Yes. You do have. NO toolpost is a better toolpost than a BAD toolpost.

STACK.. a cutting-tool atop solid metal to the needed height.

BOLT, one each side, a crossbar across the top of it.

Early lathes used "two-post" arrangements with a forged top-bridge and hand-forged carbon-steel cutters very much like that.

Do it right, it can still be one of the stiffest mounts you can get onto the lathe.

Disclosure: I don' use no steenkin' 3/8" cutters for that.

3/4" to 1 1/4" rather! Bigger the blank, the fewer the shims.

I did say "stiff?"

Like a wedding-night hard-on!

But the tooling STAYS stiff!

:D
 
I have two of those posts that go on my two 13" lathes. I keep one cutter in each and just throw them on the machine for a quick cut on something. The modern ones are copys of posts that were used on turret lathes years ago and probably had more cutters in them. I can not tell what is going on with that one from the pictures, but the thing must sit flat on the compound.
 
Unless there is someone here willing to make me a block/spacer?

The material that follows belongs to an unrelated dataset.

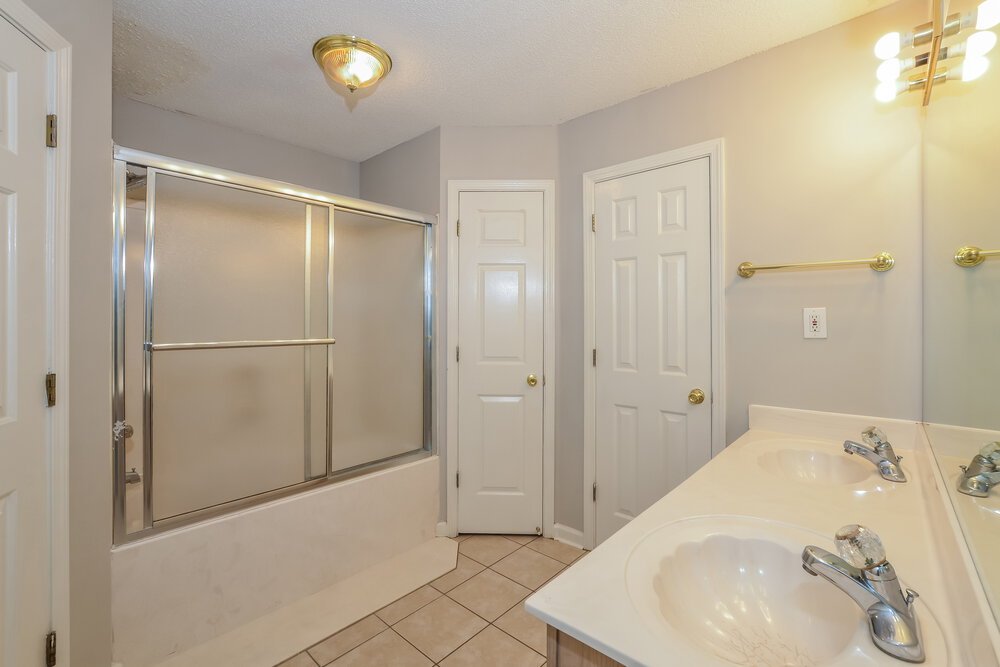 3-Bed Rental on 6967 Naples Dr photo 12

In your pic on post #5 it looks like the bottom section of the 4 way tool post. On the bottom of the square tool block there is a little hole should have a stiff spring and a ball bearing in it, this will locate in the 4 shallow holes drilled into the round base. It will set the tool post back in the same spot after being rotated around to use other tools. Your spacer goes under that round bottom piece, between it and the compound.